A new report hailing Apprenticeships as the new road to success has just been published by the LSC. Apprenticeships- The Success Report 2004 was commissioned by the Learning and Skills Council to examine and explore the views of young people, their parents and small, medium and large employers across the UK. More than 1,000 young people between the ages of 14-19 were surveyed regarding their attitudes towards success, qualifications and the future.
The report reveals a number of intriguing insights about the mind set of today's teenagers. Stephen Gardner, the Director of Work Based Learning at the LSC calls the report "a series of fascinating insights which serve to challenge [the] stereotypes associated with young people as short-termist and in awe of celebrity."
A deeper look into the report shows that of the young people surveyed, the majority recognize personal fulfilment and getting a job that they enjoy as the main markers of success. In addition, earning qualifications and degrees, as well as the concept of "making a difference", rank high in the definition of success.
These findings may surprise those who are quick to write off the young people of today as only yearning after celebrity, easy money and an easy ride to success. One of the most exciting findings of this report is the revelation that the greatest source of pressure to succeed comes from teenagers themselves, with the average young person expecting to have become successful in their chosen career path by the age of 27.
"The report reveals a contrasting picture of a generation defined by a sense of determination," furthers Gardner. This is emphasized by the encouraging statistic that 93% of young people and 91% of parents are confident that today's youth will be happy and fulfilled in their chosen career.
However, employers, young people and parents have different ideas of the best path to success. Of the employers surveyed, Apprenticeships come just slightly ahead of GCSEs as the most valuable qualification when seeking new staff. Conversely, just one in 10 young people will pursue an Apprenticeship, with the majority of young people and parents viewing academic qualifications as the most significant route to career success. These findings may prove worrying to employers who view training as a top priority and see work experience as crucial to future success.
It appears that the discrepancy between the ideas of the most successful career path comes from the relative newness of the more non-traditional qualifications. Apprenticeships were introduced in 1994 to provide on the job training while pursuing an NVQ. Apprenticeships- The Success Report 2004 reveals that young people and parents are not as familiar with Apprenticeships and the other non-academic qualifications and as such, are not as likely to pursue these qualifications.
Best Of Both Worlds
Those that have successfully completed an Apprenticeship believe that they have benefited from the best of both worlds.

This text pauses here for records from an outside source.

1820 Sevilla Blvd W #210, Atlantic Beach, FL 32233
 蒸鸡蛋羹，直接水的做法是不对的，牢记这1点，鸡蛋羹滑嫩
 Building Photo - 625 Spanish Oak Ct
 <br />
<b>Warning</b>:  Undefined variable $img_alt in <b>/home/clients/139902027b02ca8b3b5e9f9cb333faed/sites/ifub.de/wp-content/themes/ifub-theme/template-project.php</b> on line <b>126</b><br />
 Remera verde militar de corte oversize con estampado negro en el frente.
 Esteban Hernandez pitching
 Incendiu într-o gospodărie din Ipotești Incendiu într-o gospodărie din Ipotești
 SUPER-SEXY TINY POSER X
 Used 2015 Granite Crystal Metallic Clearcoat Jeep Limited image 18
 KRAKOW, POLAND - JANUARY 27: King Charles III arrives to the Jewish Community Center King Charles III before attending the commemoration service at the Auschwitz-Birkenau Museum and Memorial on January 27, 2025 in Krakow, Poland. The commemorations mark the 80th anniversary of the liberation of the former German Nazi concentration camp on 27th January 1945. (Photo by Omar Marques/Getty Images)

Ricky Hardie, who successfully qualified for a BTEC in Chemical and Production Engineering and an NVQ Level 2 in Using IT says,
"It was good to earn and learn at the same time. It was good to get experience in the environment you wanted to work in to see if it was where you wanted to be."
This enthusiasm for Apprenticeships is echoed by Rod Kenyon, Director of Engineering Academies at British Gas:
"Our apprenticeships become experts not only in engineering, but also in customer care"¦ The enthusiasm and dedication that our apprentices have for learning their trade is unrivalled. Every single one of them is their own success story."
Wave Of The Future
With this week's Tomlinson Report urging a further emphasis on vocational qualifications for young people, it appears that Apprenticeships are the wave of the future. The aggressive bid to increase public awareness of Apprenticeships has been seen through an on-going campaign spanning all forms of media. November 10th marks the six-month anniversary of this campaign, which began after the new family of Apprenticeships was announced by Education and Skills secretary Charles Clarke and the Chancellor Gordon Brown in May.
It is clear the Labour government is committed to funding a wide range of options for those who are seeking academic qualifications and those who are seeking vocational qualifications. The expansion of the Apprenticeship program provides an excellent opportunity for both employers and young people and looks set to become a more widely chosen alternative to the traditional A-Level and university path.